The late 19th and early 20th centuries brought significant economic change to the town of Cohasset as fishing and other maritime industries died out in the 1880s. The community retained a diverse economy of agriculture, summer tourism, various trades, and some manufacturing. The period between 1850 and 1915 also saw a major influx of Azorean Portuguese, Irish, and Italian immigrants into the town. The remains of forty-five Irish immigrants killed in the wreck of the brig St. John are buried in Cohasset Central Cemetery in a common grave below the top of the north hill. The brig, which was carrying famine refugees from the Irish counties of Galway and Clare, was bound for Boston in October of 1849 when a storm blew the vessel off course as it approached Massachusetts Bay. The ship anchored near Minot’s Lighthouse outside Cohasset Harbor to ride out the storm, but the anchors failed to hold. The ship ran aground on submerged ledge and broke into two pieces. Out of 120 passengers and crew, only 21 survived the wreck. Writer Henry David Thoreau visited Cohasset after reading of the wreck in the Boston newspaper. Thoreau later recounted the story of the St. John in the first chapter of his book, Cape Cod. The Rev. Joseph Osgood of the Cohasset Unitarian Church initially performed services, but this was not acceptable to the Catholic Church, which dispatched Father John Roddan of St. Mary’s Parish in West Quincy to perform another service. This burial represented the first Catholic presence in the Town of Cohasset. Though buried and memorialized in 1849, it was not until 1914 that the gravesite was officially commemorated with a marker. That year, the Ancient Order of Hibernians erected an 18-foot Celtic cross to commemorate the death of all 99 Irish citizens aboard the St. John. The Celtic Cross bears the seals of the Ancient Order of Hibernians and its Ladies Auxiliary. It reads:

This Cross was erected and dedicated May 30, 1914 by the A.O.H. and L.A.A.O.H. of Massachusetts to mark the final resting place of about forty five Irish emigrants from a total company of ninety nine who lost their lives on Grampus Ledge, off Cohasset, October 7, 1849 in the wreck of the brig St. John from Galway, Ireland. R.I.P.

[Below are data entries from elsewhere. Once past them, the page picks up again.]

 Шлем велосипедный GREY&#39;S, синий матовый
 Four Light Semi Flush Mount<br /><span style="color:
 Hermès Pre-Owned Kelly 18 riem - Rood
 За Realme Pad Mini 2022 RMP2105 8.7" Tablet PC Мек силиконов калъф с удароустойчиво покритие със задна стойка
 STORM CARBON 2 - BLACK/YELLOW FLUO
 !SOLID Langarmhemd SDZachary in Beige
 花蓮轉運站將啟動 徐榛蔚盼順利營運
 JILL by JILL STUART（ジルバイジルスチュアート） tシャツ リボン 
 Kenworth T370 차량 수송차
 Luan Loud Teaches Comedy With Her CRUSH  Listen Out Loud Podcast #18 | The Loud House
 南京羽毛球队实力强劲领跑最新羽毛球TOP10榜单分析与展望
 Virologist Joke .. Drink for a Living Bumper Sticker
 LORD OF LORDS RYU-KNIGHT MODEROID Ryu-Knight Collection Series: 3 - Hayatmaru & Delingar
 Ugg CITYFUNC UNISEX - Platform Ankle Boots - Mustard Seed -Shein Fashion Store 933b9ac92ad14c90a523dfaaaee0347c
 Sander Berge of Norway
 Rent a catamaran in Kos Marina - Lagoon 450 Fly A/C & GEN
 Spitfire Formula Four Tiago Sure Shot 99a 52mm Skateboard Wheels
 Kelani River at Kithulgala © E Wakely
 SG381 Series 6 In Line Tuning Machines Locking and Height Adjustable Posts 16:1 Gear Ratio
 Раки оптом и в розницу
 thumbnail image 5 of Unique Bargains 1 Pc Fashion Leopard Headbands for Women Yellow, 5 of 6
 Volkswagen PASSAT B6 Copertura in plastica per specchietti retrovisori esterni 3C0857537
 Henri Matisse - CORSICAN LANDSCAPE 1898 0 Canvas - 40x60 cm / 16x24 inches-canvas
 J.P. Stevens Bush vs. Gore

As the 20th century progressed, many World War I and World War II veterans were also buried in Cohasset Central Cemetery. Their graves are marked by flag stands given by the American Legion Post and Veterans of Foreign Wars Cohasset chapters. More recently, prizewinning sculptor and farmer Richardson White was buried here upon his death in 1993. The White Family has resided in Cohasset on their Jerusalem Road farm, called Holly Hill, since the 1840s. Mr. White’s artistic subject matter focused primarily on horses. His work “Great Horse” is part of the collection of the Museum of Fine Arts, Boston, and his “Rearing Thoroughbred” is installed outside the Massachusetts Society for the Prevention of Cruelty to Animals in Jamaica Plain, Massachusetts.

The board of the Cohasset Central Cemetery continues to manage and maintain the cemetery. Alongside the “Old Slates” and the marble or granite stones of earlier times are two 20th century columbaria. One of the first on the South Shore, the Cumner Columbarium was constructed in 1982. Named after a former president of the cemetery association, it stands along Joy Place. A larger facility, the Tower Columbarium was added in 1988. it is named for a former treasurer of the Cemetery and direct descendant of the first person to be buried in Cohasset Central Cemetery. This additional space has provided for the future of this Colonial Burying Ground whose roots go back beyond the town itself but whose eyes are still upon the future.